The proposed work presents several limitations. Firstly, although the fetal head is modeled as a deformable structure, it is represented as a single entity without distinguishing between cranial bones, sutures, fontanelles, or brain tissue. Incorporating these anatomical components could potentially allow for greater deformation of the fetal head, thereby reducing maternal muscle stretch. However, this would significantly increase the complexity and computational cost of the simulations. The model also omits the fetal body, which would likely not affect the results of the simulations performed but could be important for simulating other maneuvers or delivery strategies in the context of VAD. Another limitation lies in the vacuum cup model used for the simulations, as only one specific type was considered despite the existence of multiple designs, sizes, and materials. Assessing different cup models could help determine their biomechanical impact. Additionally, the placement of the vacuum cup depends on both the head’s size and shape, yet only one fetal head model with fixed dimensions was tested. Simulations with varying head geometries would provide a broader understanding of this effect. The interaction between the fetal head and the vacuum cup is also simplified, as the suction mechanism of the cup is not modeled. Furthermore, the finite element model does not account for additional surrounding structures and fluids, which could influence the delivery process. Lastly, another limitation of this study is the absence of a dedicated mesh sensitivity analysis within the current simulation setup. Although the muscle model used has been previously validated for childbirth biomechanics, mesh density can affect localized stress values. Consequently, finer discretization may reveal additional detail in regions of high strain.

Conclusion

This study presents a novel approach to analyzing the impact of assisted delivery techniques on maternal tissues. By addressing critical, previously unanswered clinical questions, this approach could shift clinicians’ perspectives and guide the development of new guidelines that integrate biomechanical insights. The findings offer valuable knowledge on the biomechanics of assisted delivery, emphasizing the importance of optimizing techniques to minimize maternal trauma. These insights have the potential to influence clinical guidelines and future research directions, ultimately contributing to improved maternal health outcomes.

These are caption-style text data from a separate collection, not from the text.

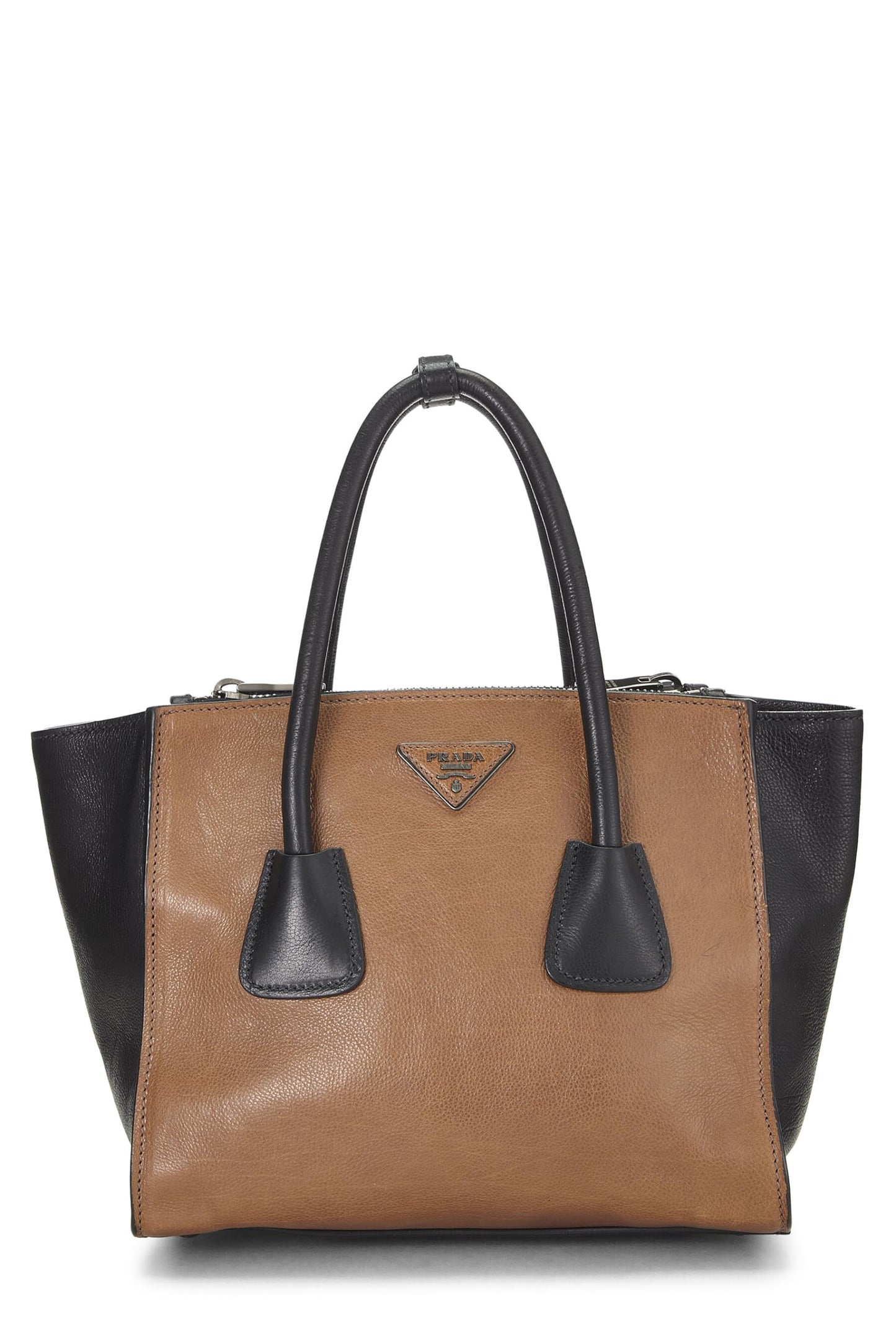 Prada, Black & Brown Calfskin Trapeze Tote, Multi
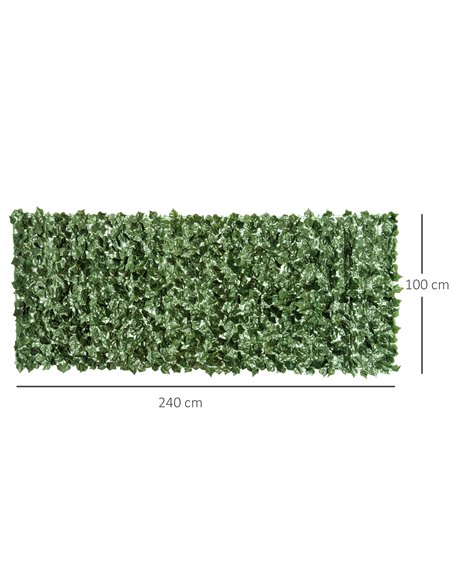 Outsunny 4-Piece Artificial Leaf Hedge Screen Privacy Fence Panel for Garden Outdoor Indoor Decor, Dark Green, 2.4M x 1M 844-P04 - pic 66636 | FastDaddyshop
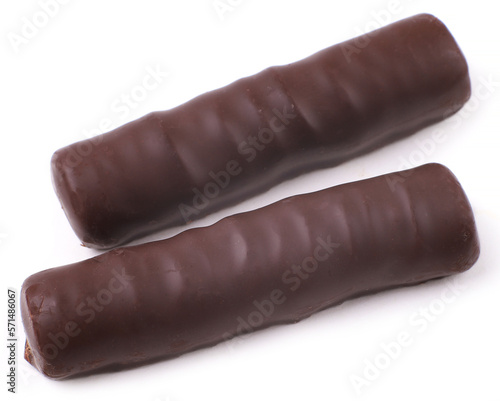 Two chocolate candies on a white background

Future research should expand to include other relevant structures, such as the uterus and cervix, and provide a more detailed characterization of the fetus, allowing for a comprehensive analysis of the process as it affects fetal tissues as well. Moreover, simulating the fetus in various positions, particularly the occipito-posterior position, would provide valuable insights into positional effects and enhance the ability to model a wider range of clinical scenarios. Nonetheless, this study represents an important step forward in advancing the current understanding of childbirth biomechanics and in developing tools that could enable clinicians to make more precise, case-specific decisions for improved outcomes.